The UN General Assembly in 1972 established World Development Information Day to draw the attention of the world to development problems and the need to strengthen international cooperation to solve them.
The Assembly decided that the date for the Day should coincide with United Nations Day, 24 October, which was also the date of the adoption, in 1970, of the International Development Strategy for the Second United Nations Development Decade.
The Assembly deemed that improving the dissemination of information and the mobilization of public opinion, particularly among young people, would lead to greater awareness of the problems of development, thus, promoting efforts in the sphere of international cooperation for development.
Information and Communications Technologies — New Solutions to Development Challenges
The information and communications technologies have the potential to provide new solutions to development challenges, particularly in the context of globalization, and can foster economic growth, competitiveness, access to information and knowledge, poverty eradication, and social inclusion that will help to expedite the integration of all countries, especially developing countries, in particular the least developed countries, into the global economy.

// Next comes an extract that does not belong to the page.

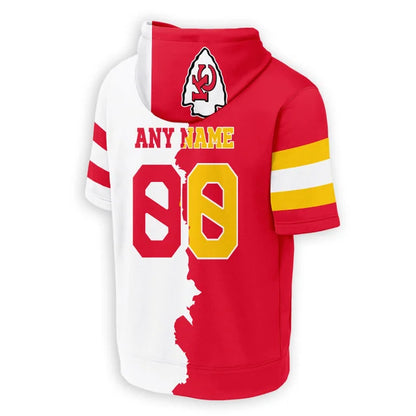 [SPECIAL OFFER] NEW CUSTOMIZED NFL01 KCC KANSAS CITY CHIEFS SHORT SLEEVE HOODIE T-SHIRT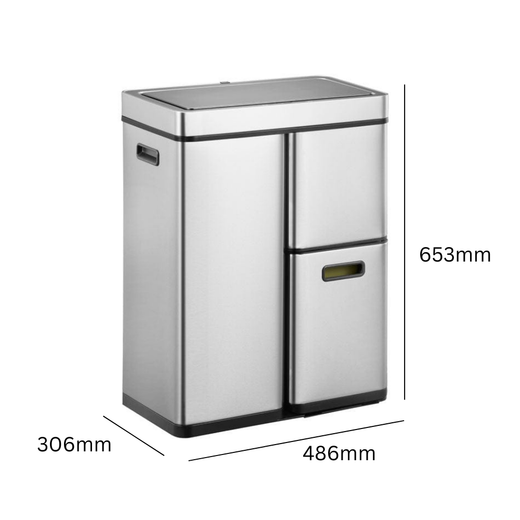 Mirage Stack 3 Compartment Sensor Bin - 60 Litre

Furthermore, it is a well-established fact that information and communications technologies present new opportunities and challenges and that there is a pressing need to address the major impediments that developing countries face in accessing the new technologies, such as insufficient resources, infrastructure, education, capacity, investment and connectivity, and issues related to technology ownership, standards and flows, and in this regard calls upon all stakeholders to provide adequate resources, enhanced capacity-building and technology transfer, on mutually agreed terms, to developing countries.
The Digital Divide
However, there are concerns regarding the digital divide in access to information and communications technology tools and broadband connectivity between countries at different levels of development, which affects many economically and socially relevant applications in areas such as government, business, health and education, and further expresses concern with regard to the special challenges faced in the area of broadband connectivity by developing countries, including the least developed countries, small island developing States and landlocked developing countries.